Insgesamt stellten im Dezernat rund 12 000 Personen aus dem gesamten Regierungsbezirk Münster einen Antrag auf Entschädigung. 100 Millionen Mark gingen über die Schreibtische der Sachbearbeiter. Trotz dieser gewaltigen Summe blieben aber auch viele Antragsteller ohne Erfolg. Zahlreiche Verfolgtengruppen fielen aus der Entschädigung heraus, darunter die Zwangssterilisierten, die Euthanasieopfer, die ausländischen Zwangsarbeiter, die Homosexuellen oder münsterländische Frauen, die sexuelle Kontakte zu Zwangsarbeitern gehabt hatten. Ihre Verfolgung wurde nicht als "typisch nationalsozialistisch" anerkannt, sondern auf sozial- oder militärpolitische Gründe zurück geführt.

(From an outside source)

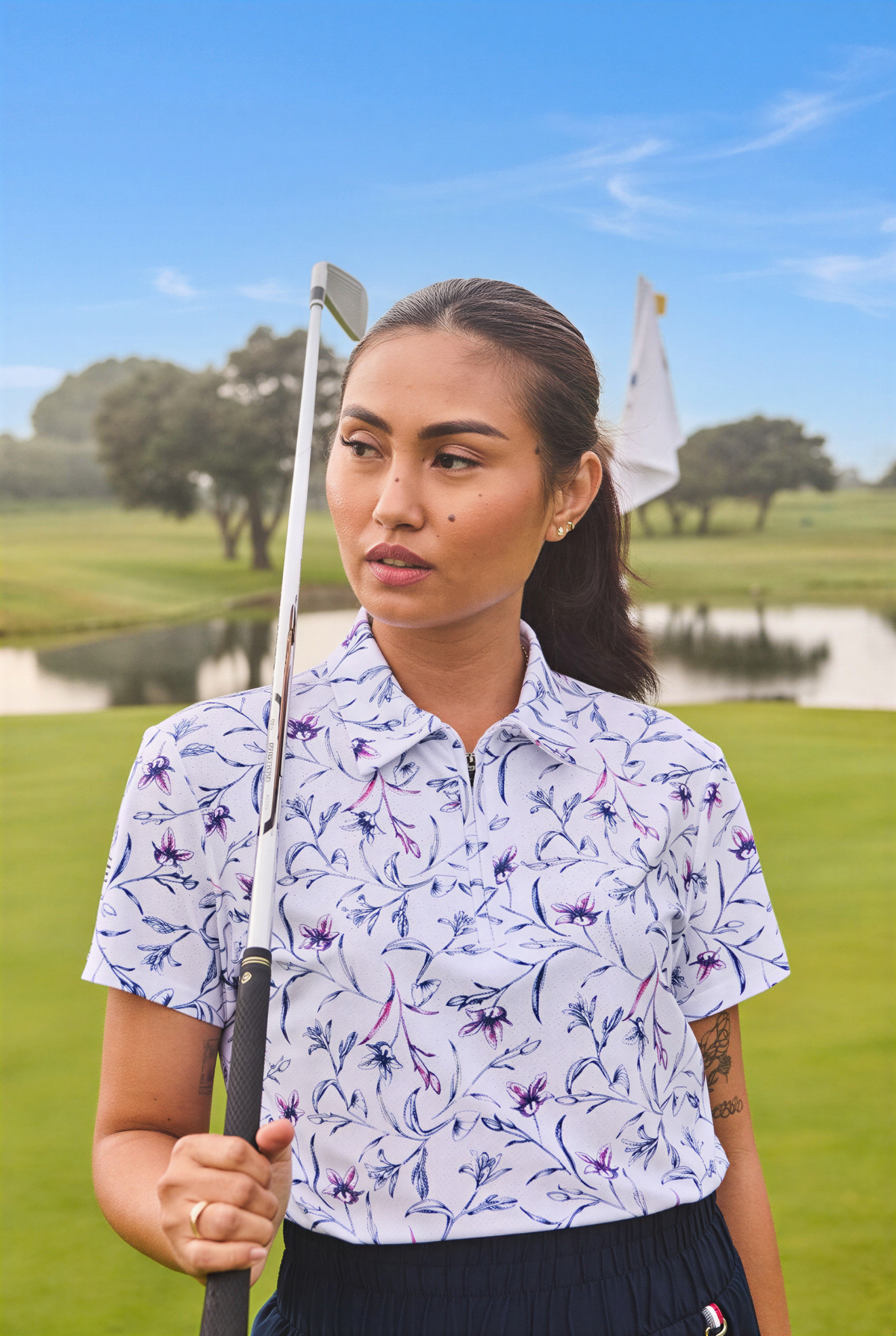 A woman on a golf course wearing a white short-sleeve polo shirt with a blue and purple floral pattern, holding a golf club.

Entschädigungsberechtigte mussten eine "typisch nationalsozialistische" Verfolgung - bestes Beispiel sind hier die jüdischen Opfer - oder eine echte Gegnerschaft gegen den Nationalsozialismus nachweisen. Wer etwa auf dem Prinzipalmarkt Hitlerwitze erzählt hatte und deshalb ein halbes Jahr Haft absitzen musste, erhielt keine Entschädigung. Begründung: Er hatte keinen Widerstand geleistet, sondern nur eine nicht politisch motivierte und bloß kurzzeitige Nichtübereinstimmung mit dem Regime gezeigt.
Routine in der Entschädigung
Obwohl das Dezernat in der Villa ten Hompel für viele Verfolgte sorgte, von jüdischen Verfolgtenorganisationen ausdrücklich gelobt wurde, saßen hier nach dem Krieg doch wieder Beamte, die auf der Basis eines Gesetzes und gemäß strenger Verwaltungsvorschriften über "gute" und "schlechte" NS-Opfer zu entscheiden hatten. Sie mußten sich dabei auf die Gedankengänge der nationalsozialistischen Bürokraten einlassen, da auch sie die Opfer wieder in Gruppen und in schwer oder minder schwer Verfolgte einteilen mussten. Vor allem in den ersten Monaten, so berichtete es ein ehemaliger Mitarbeiter des Dezernats, war eine Ablehnung nicht immer einfach. Mit der Zeit trat aber doch eine gewisse "Routine" ein, zumal die Beamten sich immer auf der sicheren Seite des Gesetzes befanden.
Dass dies vor allem für die Verfolgten nicht immer einfach, mit vielen schmerzhaften Erinnerungen bis hin zu Traumatisierungen verbunden war, spielte kaum eine Rolle. Ein Vorwurf, der den Gesetzgeber trifft. Er presste die Wiedergutmachung, ebenso wie es bei der Verfolgung der Fall gewesen war, wieder in einen Verwaltungsvorgang und ließ damit wenig Raum für die Bewältigung der NS-Zeit und die Anerkennung der Leiden der Opfer.